● **Recorded data**:

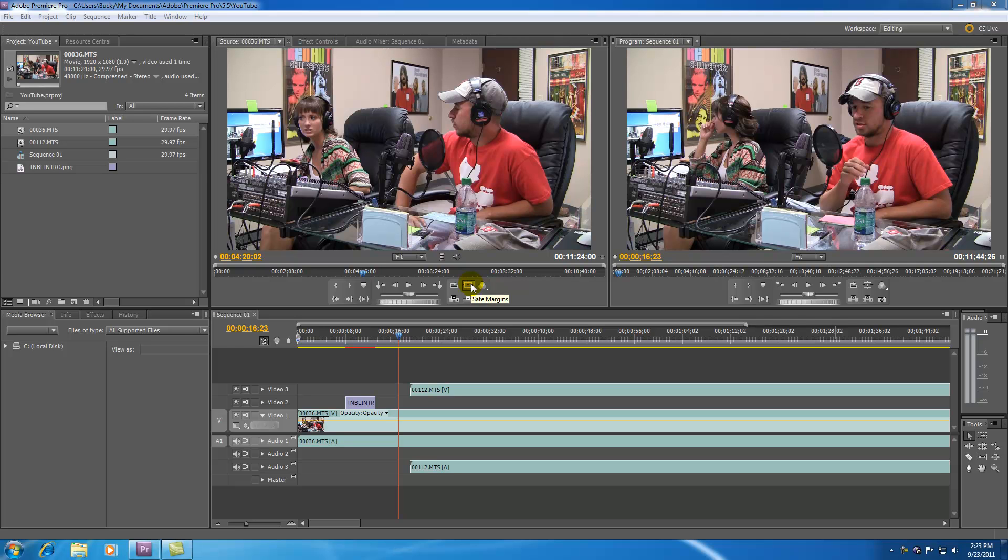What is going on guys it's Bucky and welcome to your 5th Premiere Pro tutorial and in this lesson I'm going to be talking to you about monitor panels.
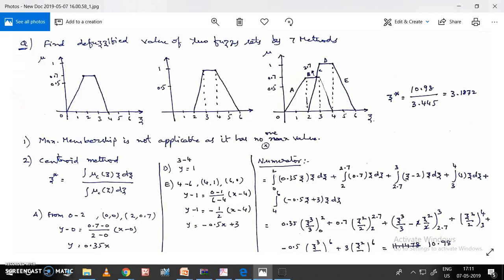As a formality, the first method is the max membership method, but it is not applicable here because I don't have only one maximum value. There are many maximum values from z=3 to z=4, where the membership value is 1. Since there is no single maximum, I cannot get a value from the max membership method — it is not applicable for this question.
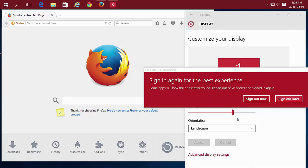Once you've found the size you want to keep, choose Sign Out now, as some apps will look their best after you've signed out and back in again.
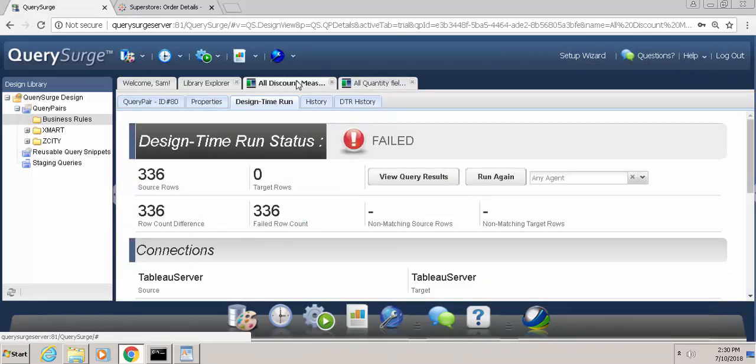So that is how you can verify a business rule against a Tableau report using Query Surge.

● **Exercise objective**:
Copy the listing character for character, pictures omitted.

● **Written response**:
What is going on guys it's Bucky and welcome to your 5th Premiere Pro tutorial and in this lesson I'm going to be talking to you about monitor panels.
As a formality, the first method is the max membership method, but it is not applicable here because I don't have only one maximum value. There are many maximum values from z=3 to z=4, where the membership value is 1. Since there is no single maximum, I cannot get a value from the max membership method — it is not applicable for this question.
Once you've found the size you want to keep, choose Sign Out now, as some apps will look their best after you've signed out and back in again.
So that is how you can verify a business rule against a Tableau report using Query Surge.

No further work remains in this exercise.